Srila Saraswati, desiring to penetrate the heart of demonic Western culture, had sent some of his senior swamis to England in the mid-1930s. Their success was limited, and the swamis could not sustain local interest and financial support. Still, this was a bold move in the midst of the worldwide economic depression. During this time, Prabhupada continued to struggle in India, enduring the departure of his beloved Srila Saraswati Thakura and the resulting impotence of his once grand India-wide mission. As India achieved independence from the British and their allies, the old Indian aristocracy, it also gradually abandoned its spiritual culture. An independent India was reluctantly on the road to foreign-influenced materialistic culture. Meanwhile, Srila Saraswati’s once revolutionary organization, now fractured into smaller groups, blended into the new socio-religious society, loosing most traces of Srila Sarasvati’s bold revolution.

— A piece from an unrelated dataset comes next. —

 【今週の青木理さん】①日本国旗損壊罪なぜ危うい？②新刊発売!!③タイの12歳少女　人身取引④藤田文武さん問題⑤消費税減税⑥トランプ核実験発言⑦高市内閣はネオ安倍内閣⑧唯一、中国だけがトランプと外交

In the 1950s, Prabhupada had retired and was living a deeply spiritual life in India’s most important place of pilgrimage, Krishna’s birthplace. Concerned about the ineffectiveness of his guru’s movement, he strongly desired to reenergize the mission. Thus, he decided to do so by entering the heart of the materialistic culture. In 1965, after laboriously writing, editing, typing, and publishing three volumes of the Bhagavat Purana, he moved from Krishna’s birthplace to New York City, and brought two or three large trunks of the books with him. The Bhagvat, even loftier and more important than the popular Bhagavad Gita, was rare, if not impossible to find in English. In his preface, Prabhupada wrote that the Bhagavat Purana is meant to bring about a spiritual revolution in a misdirected civilization and that one is sure to become a God-realized soul by going through its first nine parts.
In the short year that followed, Prabhupada met many disaffected young people in New York who were eager to become spiritual revolutionaries. Some were angry, some frustrated, some irresponsible. Yet many of these followers, disgusted with the status quo of materialistic American society and its bigoted and watered-down religions, were intelligent and resourceful. In this environment, Prabhupada began his Hare Krishna explosion. He wrote, “The temple is a place not for eating and sleeping, but as a base from which we send out our soldiers to fight with maya. Fight with maya means to drop thousand and millions of books into the lap of the conditioned souls. Just like during war time the bombs are raining from the sky like anything.” Thus, he wisely orchestrated a war whose weapon of mass destruction was the powerful sword of knowledge. At the same time, his movement was non-violent. He required his followers to be vegetarian, and when he learned that two men, not his followers, had blown up a slaughterhouse, he said that his purpose was not to bomb, but educate. He commented that the same mentality is involved in blowing up a slaughterhouse as in meat eating itself.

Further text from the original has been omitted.